[MUD-Dev] Codename Blue & Facets - Nick Yee's new studies
Richard A. Bartle
richard at mud.co.uk
Fri May 24 17:08:45 CEST 2002
On 23rd May 2002, Steve (Bloo) Daniels wrote:
>> Achievers climb a mountain because they can.
> And assumingly not just anyone can, right?
Well that's perhaps the assumption they'd make, yes, although it
might be at odds with reality.
>> Killers climb a mountain because that'll spoil the experience for
>> everyone else.
> That is more a definition of a Griefer than a Killer.
Wellll, yes, it is. I suppose I was being a little too facetious
there.
It's more like: Killers climb a mountain because of the power it
gives them over other people. However, since (in general) climbing a
mountain doesn't give people power over other people, the analogy
kinda broke down there so I took the griefer option.

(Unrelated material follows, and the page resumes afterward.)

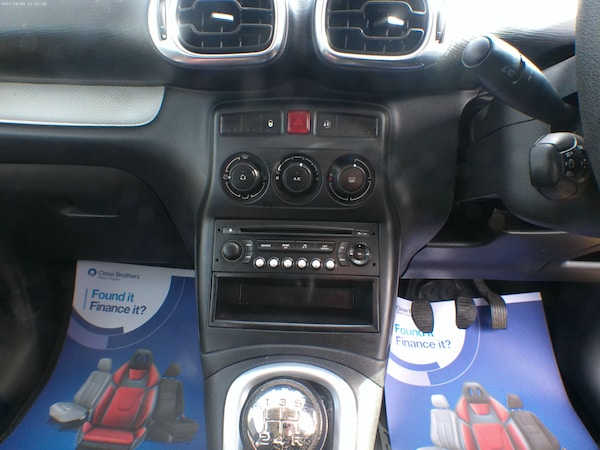 Used Citroen C3 Picasso 2010 for sale - 76220332: Photo 9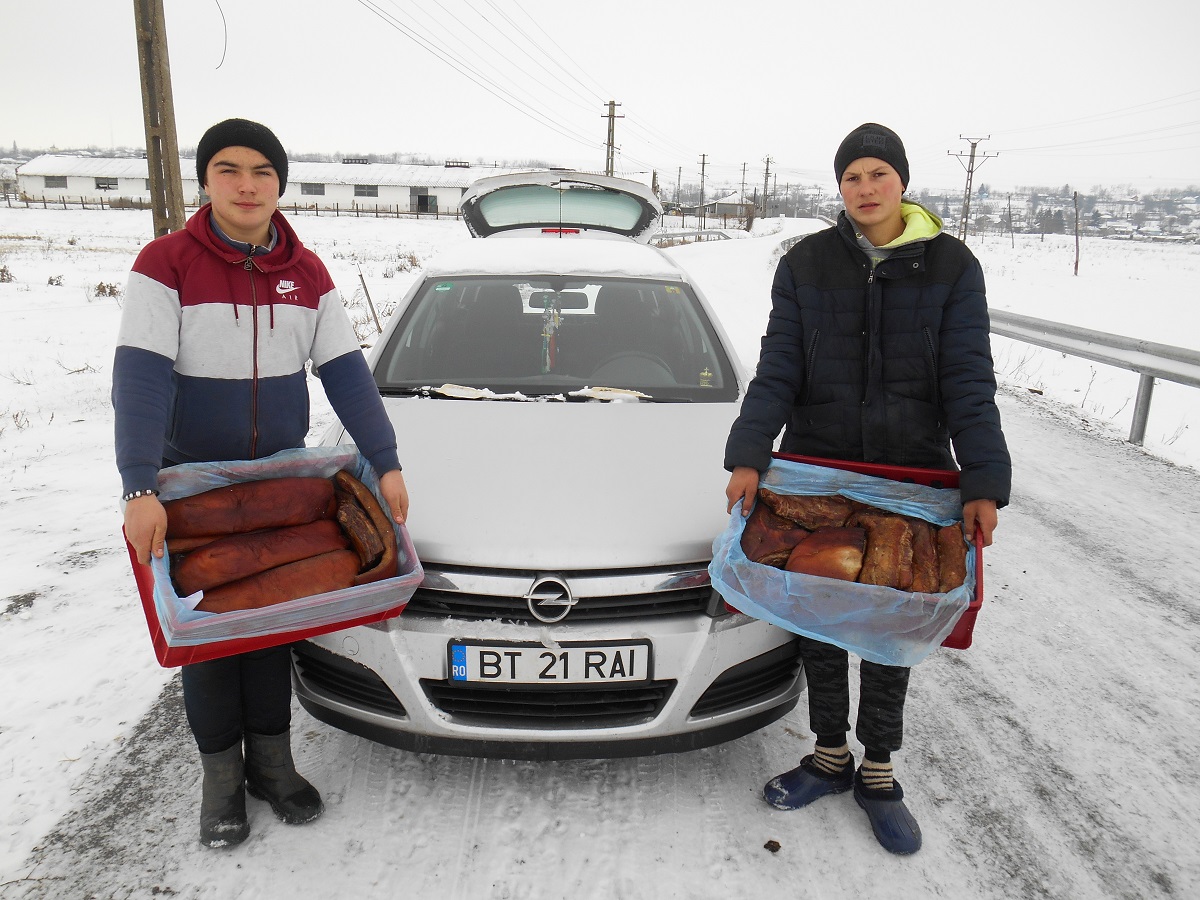 Proiectul misionar-filantropic „(Colin)dăm cu bucurie” în parohiile Chișcăreni și Sat Nou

> I don't think I'm an Explorer because I have no concern for the
> mountain unless it is a factor in where I am.
Agreed.
> And I don't think I'm an Achiever because I need a reason to climb
> it.
Achievers need a reason to do it: they have to perceive it as
something that is intrinsically difficult, but which they feel they
are capable of conquering. They don't especially care whether others
can conquer it or not, but one measure of "difficulty" is how many
or few other people have achieved it, so in that sense other people
matter. At heart, though, they want to beat the environment; they
only want to beat other players in the sense that they are part of
the environment.
> I might climb the mountain to get away from other people, so maybe
> I'm Anti-Social. :-)
There aren't many of you in multi-player games, because you can get
everything you want without hassle from single-players games.
> If Killer is synonymous with Griefer, then the usefulness of the
> quotient is much diminished, IMO.
Yes, it is. I spend a lot of time telling people the the top left
quadrant of my player graph isn't just griefers, or just PKs, or
just anything else. What it covers are people who like acting on
other people. Some may be leader types, some may be politicians,
some may be busibodies, some may be griefers, some may be PKs...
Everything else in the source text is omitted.